Os embates foram cruentos, de violências inimagináveis, de muita insanidade e a ferida ainda continua aberta. Nunca antes se matou tanto em confrontos armados, em números absolutos. No total, 15 milhões de pessoas perderam a vida, na maioria soldados. Entre os alemães, 1,8 milhão de militares morreram e 2,7 milhões ficaram inválidos em uma população de quase 70 milhões. No Brasil atual, seria o equivalente a eliminar a população do Estado do Rio de janeiro. Muitas criaturas foram trucidadas prematuramente no espremedor de carne da guerra. Um enorme ferimento que deixou sequelas e moldou o mundo como o conhecemos hoje.
O pêndulo da culpa foi para a Alemanha. A Alemanha já foi a única e solitária culpada pelo conflito, e agora, 100 anos depois, a gênese da tragédia ainda é uma questão que divide as nações. Ninguém queria carregar o fardo da culpa por um desastre que devastara a Europa e ceifara 15 milhões de vidas. Essa catástrofe marcou a ferro e fogo o século XX: forçou os Estados Unidos a assumir sua posição de líder mundial, abriu caminho para a vitória do comunismo na Rússia, desenhou a geopolítica explosiva do atual Oriente Médio e criou as condições para a ascensão de Hitler e seu rastro de calamidades – a Segunda Guerra Mundial e o holocausto.
Antes, o mundo tinha o foco em dois polos. Agora, se constitui uma nova ordem mundial. Hoje, um mundo multipolar será necessariamente um ambiente conflituoso. Enquanto os EUA tentam exercer seu poder de forma mais indireta, as potências regionais buscam firmar sua influência, marcar território, e, em último grau, se unem em estratégias comuns contra o império. Dessa contradição nascem as possibilidades de conflito. Especialistas afirmam que: “O sistema interestatal capitalista se estabiliza por meio de sua própria expansão contínua e, portanto, em última instância, através das guerras”.
Nos últimos anos, os EUA tentam construir uma nova estratégia internacional em todos os grandes “tabuleiros geopolíticos” do sistema mundial. Seu objetivo não é o de abandonar sua vocação e posição imperial, ou seu poder global. É exercê-lo de forma mais indireta por meio da promoção ativa das divisões e dos “equilíbrios do poder” regionais. Mesmo assim, se os EUA tiverem sucesso nesse intento de “terceirização” do poder, isso não impedirá a existência e a multiplicação de guerras e conflitos localizados, a envolvê-los em última instância.

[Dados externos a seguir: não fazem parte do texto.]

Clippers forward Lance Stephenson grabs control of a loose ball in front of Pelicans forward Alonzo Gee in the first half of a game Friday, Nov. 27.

Ademais, no horizonte desse sistema, não há nenhuma possibilidade de estabilidade ou paz perpétua. A expansão do poder dos EUA fortalece as potências que vão lutar pela hegemonia. A tal “Primavera Árabe” foi uma invenção da fantasia cinematográfica dos europeus e americanos. Há uma guerra assimétrica entre Estados e capitais que atuam como grandes predadores na luta pelo controle monopólico de posições de mercado, inovações tecnológicas e lucros extraordinários. Nem a libra nem o dólar se tornaram moedas de referência da noite para o dia. O dólar só ocupou espaço depois da II Guerra. Benjamin Franklin, não perderá valor tão cedo.